This International Standard specifies methods for evaluation of sampler performance in terms of workplace

conditions: wind speed, humidity, temperature, atmospheric pressure, and analyte variation. The concise set

of experiments specified aims to minimize cost to the user. The evaluation is limited to conditions commonly

encountered in personal sampling in the indoor workplace setting, namely wind speeds of up to 0,5 m/s and

for sampling periods typically from 2 h to 8 h.

Static or area sampling, unlike personal sampling where movement of the subject is significant, may

sometimes be subject to sampling-rate reduction due to stagnation at very low wind speeds. This International

Standard therefore does not apply to wind speeds of less than 0,1 m/s relative to static samplers. Samplers

are also tested for compliance with the manufacturer's stated limits on capacity, possibly in the presence of

interfering compounds.

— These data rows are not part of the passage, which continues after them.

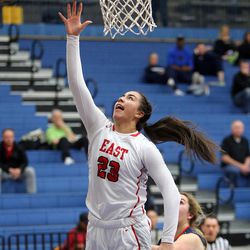 East High's Liana Kaitu'u shoots during a basketball game against Brighton in the first round of the 5A girls basketball championships at Salt Lake Community College in Taylorsville on Monday, Feb. 19, 2018. East won 49-37.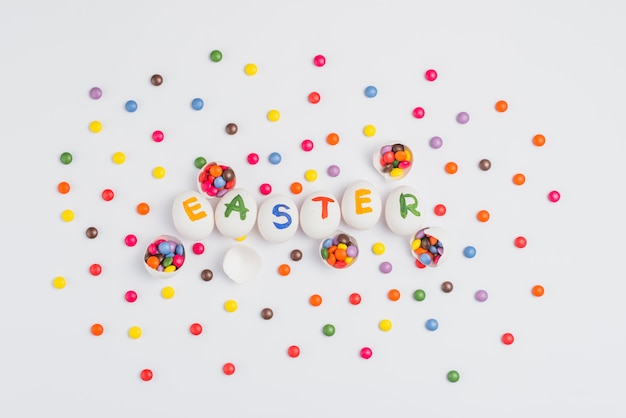 Easter inscription on eggs with candies on light table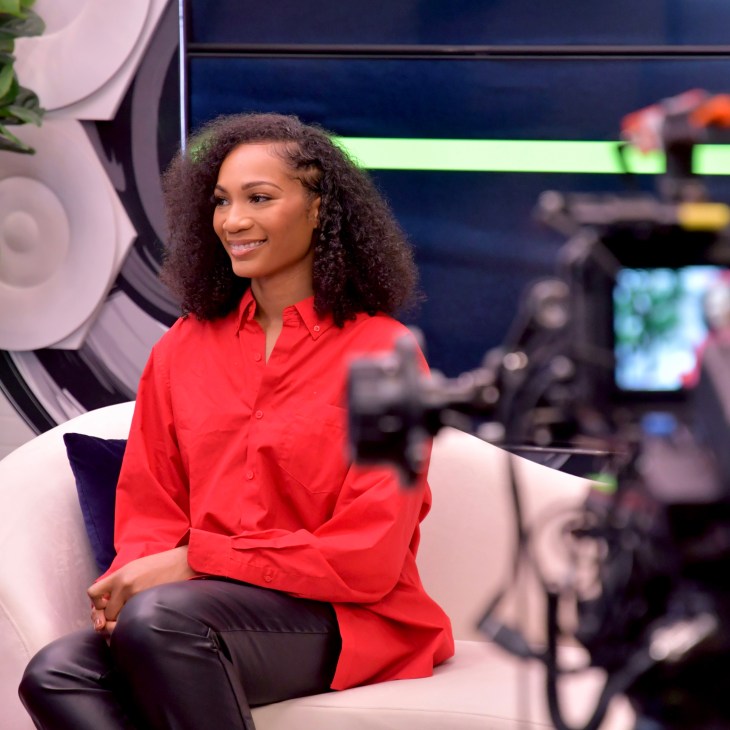 Woman in red shirt sitting on white chair in television studio with cameras in background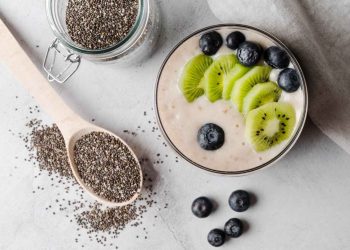 Chia pudding topped with kiwi and blueberries surrounded by seeds.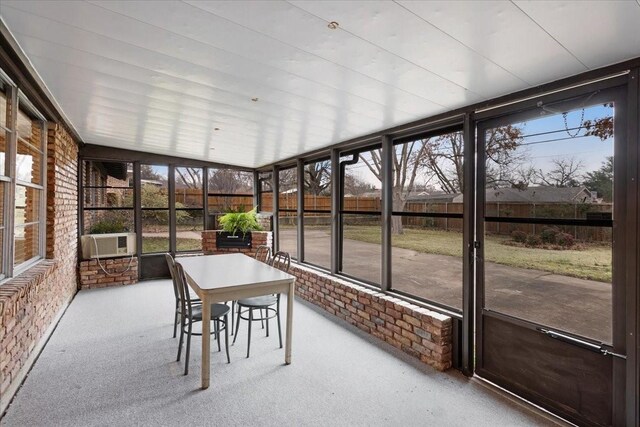 unfurnished sunroom featuring cooling unit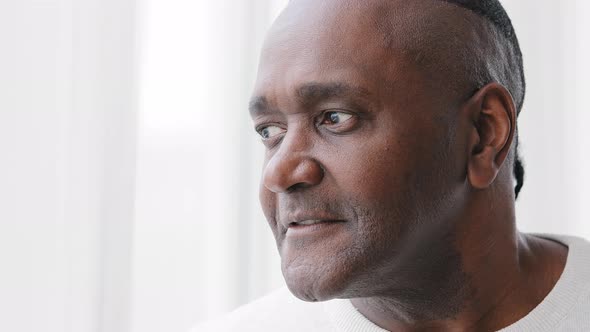 Male Portrait Old Middle Age Adult 50s African American Man Looking Out Window at Home Thinking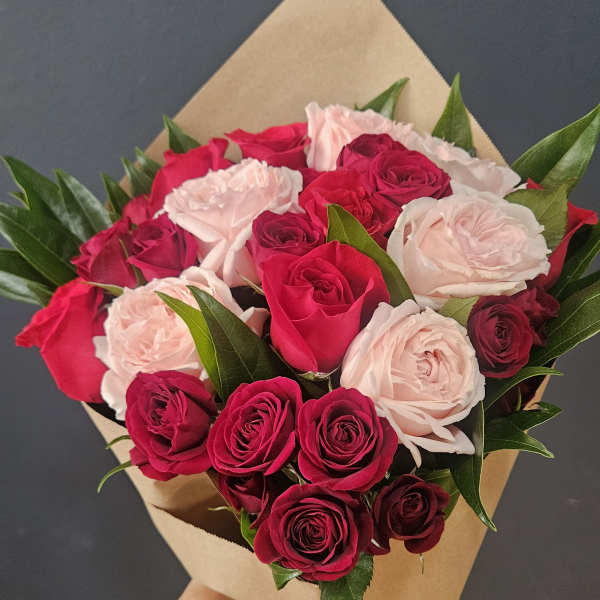 Bouquet of red and pale pink roses wrapped in kraft paper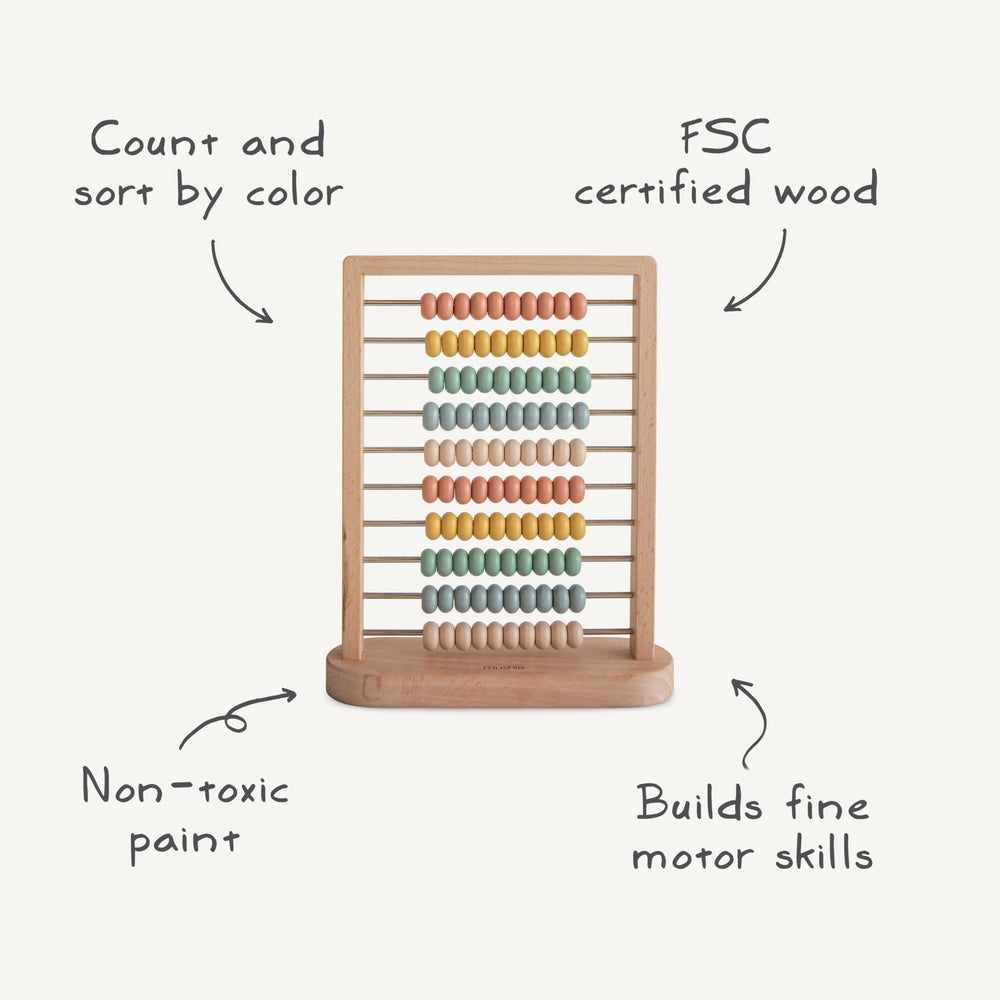 Mushie wooden abacus frame in natural wood for calm nursery decor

Given a suitable exposure chamber, the sampler evaluation protocol can be extended

to cover sampler use for other sampling periods and conditions.

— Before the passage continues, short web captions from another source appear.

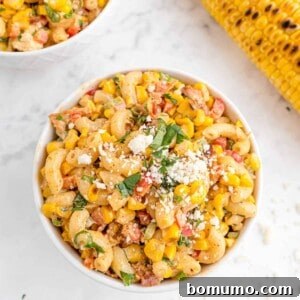 Overhead view of a round bowl of Mexican street corn pasta salad, featuring macaroni, corn, red peppers, cotija cheese, and cilantro as garnish.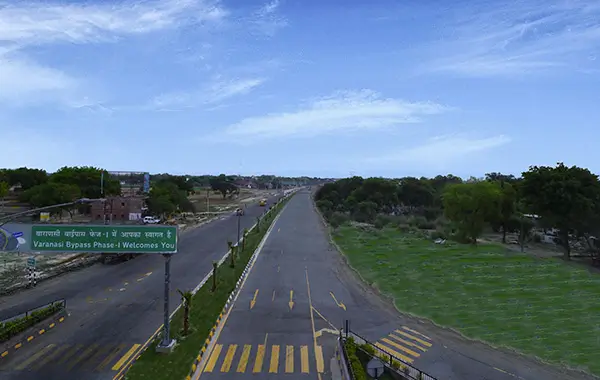 Varanasi Bypass Phase 1 highway road with welcome signboard and greenery under clear blue sky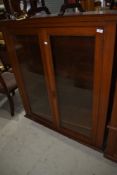 A mahogany cased glazed book shelf having rolled plate glass doors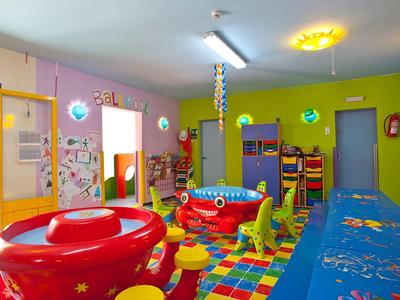 Sala giochi colorata per bambini con giocattoli, tappeti e pareti luminose in hotel o vacanza.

This International Standard indicates how to measure diffusive sampler uncertainty for characterizing

concentration estimates obtained subsequent to the evaluation. It is impractical continually to re-evaluate

diffusive sampler performance under various environmental conditions prevailing during application.

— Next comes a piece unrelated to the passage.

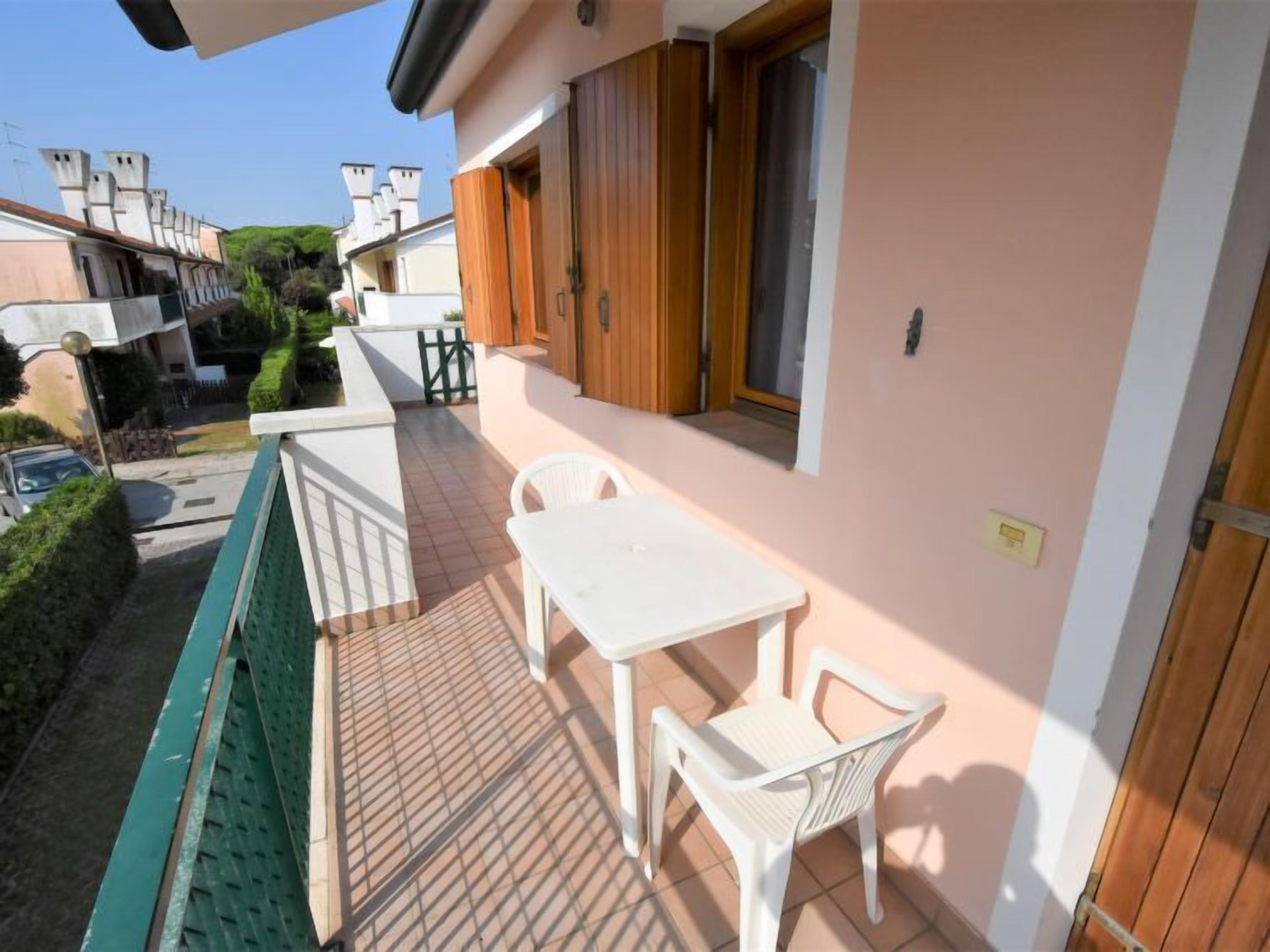 Un balcon avec une table blanche et deux chaises, une porte en bois et une fenêtre avec des volets en bois.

NOTE 1 In this International Standard, the confidence level for the initial method evaluation becomes an integral part of

the measurement uncertainty. This approach slightly broadens the statistical protocols given in ISO Guide 98:1995.

Furthermore, the possibility of sampler errors related to correctible sampler bias is addressed.

NOTE 2 This International Standard is an extension of previous research on diffusive samplers (References [1] to [17]

inclusive and EN 838).
2 Normative references

The following referenced documents are indispensable for the application of this document. For dated

references, only the edition cited applies. For undated references, the latest edition of the referenced

document (including any amendments) applies.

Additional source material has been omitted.